Asked if there was any downside to running Ocelli in the Preakness, he said, “The only downside is if the horse is not ready to do it.” He noted that the Preakness winner usually is a horse that ran two weeks earlier in the Derby.

The upside, Beckman said, “is the chance to win a Triple Crown race.”

Ocelli came into the Derby winless in six starts, with a second and three thirds, capped by his third place in the Wood Memorial (G2) April 4 at Aqueduct. But Beckman did not consider him a “maiden.”

“Nobody said it to my face, but I’m sure people were thinking, ‘How stupid is this guy putting in a maiden?’” Beckman said. “But they don’t get to see what I see every day. They don’t get to see a horse that wants more and more and more, that trains like an absolute terror. I think the thing we always miss is the development of these 3-year-olds. You don’t know who is going to be the best 3-year-old on the first Saturday in May, in comparison to horses rounding into form in March and April.”

In the Derby, Ocelli stuck his head in front at the sixteenth pole before grudgingly giving way to Golden Tempo and Renegade.

“When he was coming around the turn and just picking up horses real easily … when he passed Danon Bourbon [who took the lead on the far turn], I was watching in the paddock and you couldn’t see the outside horses,” Beckman said. “That was about the longest two seconds of my life, where my breath just stopped and I thought, ‘He can get there!’ Then reality caught up to us. It wasn’t even a whole length, I don’t think.”

Bodexpress in 2019 was the last maiden to enter the Preakness, though he dumped Hall of Fame jockey John Velazquez leaving the starting gate and ran the entire race riderless before being caught by an outrider. The most recent maiden to win the Preakness was Refund in 1888, one of six maiden Preakness winners prior to 1900.

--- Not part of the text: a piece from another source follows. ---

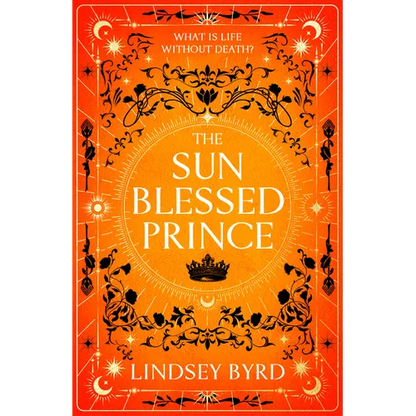 The Sun Blessed Prince: Book One of a Tale of Two Crowns Duology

Golden Tempo ‘Doing Great,’ Preakness Decision Upcoming

Kentucky Derby (G1) winner Golden Tempo had his third walk day Tuesday and will return to the track for light training Wednesday at Keeneland. Trainer Cherie DeVaux, speaking at a media availability arranged by Keeneland’s communications department, reiterated that the Preakness decision will be made toward the end of the week.

“He’s doing great,” said DeVaux, whose main base is at Keeneland’s year-round Rice Road stabling area. “He’ll return to the track tomorrow for a light jog. He’ll do that for two days, and then he’ll resume galloping.”

As far as running in the 1 3/16-mile Preakness at Laurel Park, she said, “We’re going to see how much energy he has when he’s on the track, see how he’s moving, see his attitude and things of that nature…. I appreciate there’s history with the Triple Crown. I appreciate everyone is excited about it. However, the horse comes first. So, any of that pressure is outside information from our decision-making.”